What you should do
Transcribe exactly the line containing "Gucci Black Leather" and each line after it, through the end of the entries, with nothing before or after.

***** Materials provided *****

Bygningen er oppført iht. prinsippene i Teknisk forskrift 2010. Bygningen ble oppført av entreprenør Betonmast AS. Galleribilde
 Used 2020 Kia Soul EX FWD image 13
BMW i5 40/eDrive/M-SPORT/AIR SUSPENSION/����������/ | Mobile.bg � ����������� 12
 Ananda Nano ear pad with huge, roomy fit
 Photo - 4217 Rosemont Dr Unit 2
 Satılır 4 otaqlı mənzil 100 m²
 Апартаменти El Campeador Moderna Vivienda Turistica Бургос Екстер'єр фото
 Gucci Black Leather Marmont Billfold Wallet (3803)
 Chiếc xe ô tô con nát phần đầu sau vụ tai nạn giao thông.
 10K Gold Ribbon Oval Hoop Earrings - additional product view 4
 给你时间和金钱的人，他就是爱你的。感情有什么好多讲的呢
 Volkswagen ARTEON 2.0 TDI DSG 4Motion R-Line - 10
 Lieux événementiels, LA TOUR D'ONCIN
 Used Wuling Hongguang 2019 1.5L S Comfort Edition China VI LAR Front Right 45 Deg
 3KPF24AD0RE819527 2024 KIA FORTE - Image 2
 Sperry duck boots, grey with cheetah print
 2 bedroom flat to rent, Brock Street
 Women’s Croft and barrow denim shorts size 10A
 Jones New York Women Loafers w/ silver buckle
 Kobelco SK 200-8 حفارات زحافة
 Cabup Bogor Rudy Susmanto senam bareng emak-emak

*****

Answer box
 Gucci Black Leather Marmont Billfold Wallet (3803)
 Chiếc xe ô tô con nát phần đầu sau vụ tai nạn giao thông.
 10K Gold Ribbon Oval Hoop Earrings - additional product view 4
 给你时间和金钱的人，他就是爱你的。感情有什么好多讲的呢
 Volkswagen ARTEON 2.0 TDI DSG 4Motion R-Line - 10
 Lieux événementiels, LA TOUR D'ONCIN
 Used Wuling Hongguang 2019 1.5L S Comfort Edition China VI LAR Front Right 45 Deg
 3KPF24AD0RE819527 2024 KIA FORTE - Image 2
 Sperry duck boots, grey with cheetah print
 2 bedroom flat to rent, Brock Street
 Women’s Croft and barrow denim shorts size 10A
 Jones New York Women Loafers w/ silver buckle
 Kobelco SK 200-8 حفارات زحافة
 Cabup Bogor Rudy Susmanto senam bareng emak-emak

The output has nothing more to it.